While reworking your budget might help temporarily, without definitive changes, it's not uncommon to fall into the same financial hole. In turn, your familial relationships might start to suffer. Thankfully, it doesn't need to be this way. While getting out from under the financial eight-ball might seem impossible, there are things that you can do today to turn things around.
Tap Into Your Equity
If you've been paying your mortgage for some time, you've probably built up equity. Your equity is your home's value, and you can use your financial standing to your advantage when you need money.
If your teen is headed off to college, a HELOC could give you the money you need to help out. A HELOC is a revolving line of credit. As you repay the balance, the available credit is replenished. Unlike traditional loans, you're able to reuse the money you pay back.
Save Better
Believe it or not, there is a right way and a wrong way to save money. When you create your family budget, take note of how and where you're saving your money. Instead of simply leaving what you want to save in your checking account, you could put it into a savings account that accrues interest.

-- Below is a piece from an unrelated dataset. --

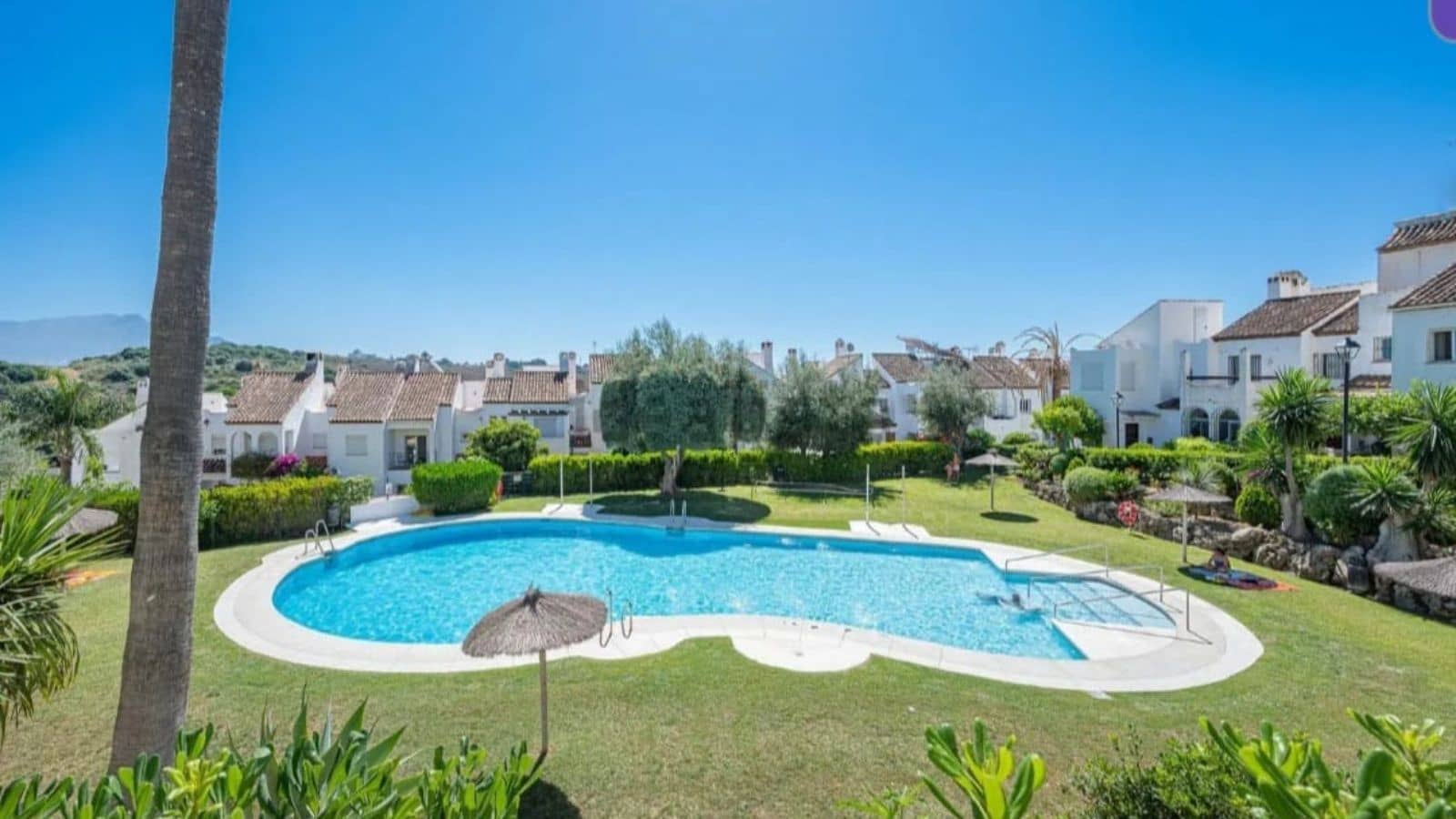 3 soveværelse Byhus til salg i Estepona - € 375.000 (Ref: 9967388)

Alternatively, you can invest in an IRA, which builds wealth over time. You also need to think about how much you're putting away. If you're only saving the bare minimum and spending the rest, you're not maximizing your saving potential.
Spend Differently
How you spend is just as important as how you save. If you're the kind of shopper who loves to go to the store and put everything you see in the cart, that's the first thing that needs to change. Impulse buying is one of the fastest ways to go into debt, especially if you have a family.

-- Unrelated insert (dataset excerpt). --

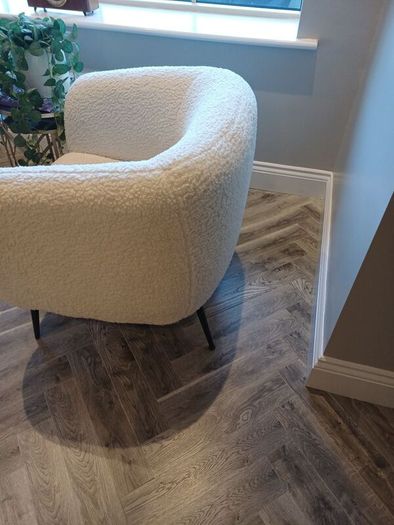 Accent chair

As much as you want to give your family the things they want, spending money you really can't afford to spend can backfire. Not only can it cause negative repercussions financially, but your family members may also not be receptive when you can't continually buy them things.

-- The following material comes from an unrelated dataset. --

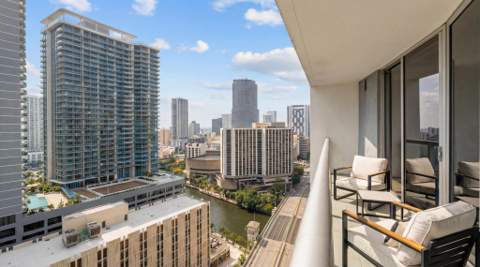 485 Brickell Avenue 2506, Miami FL - photo 15 of 34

Does that mean you can never indulge both yourself and your family? No, However, you need to set a hard limit on how much you can really afford as well as how often you spend it. Look at your monthly income after deducting your mortgage and all other bills. How much do you really have to spend?
You also need to deduct money that you want to save as well. This remaining amount is the amount you can use to spend on yourself and your family. You can even bank it for later and then use it for a larger purchase.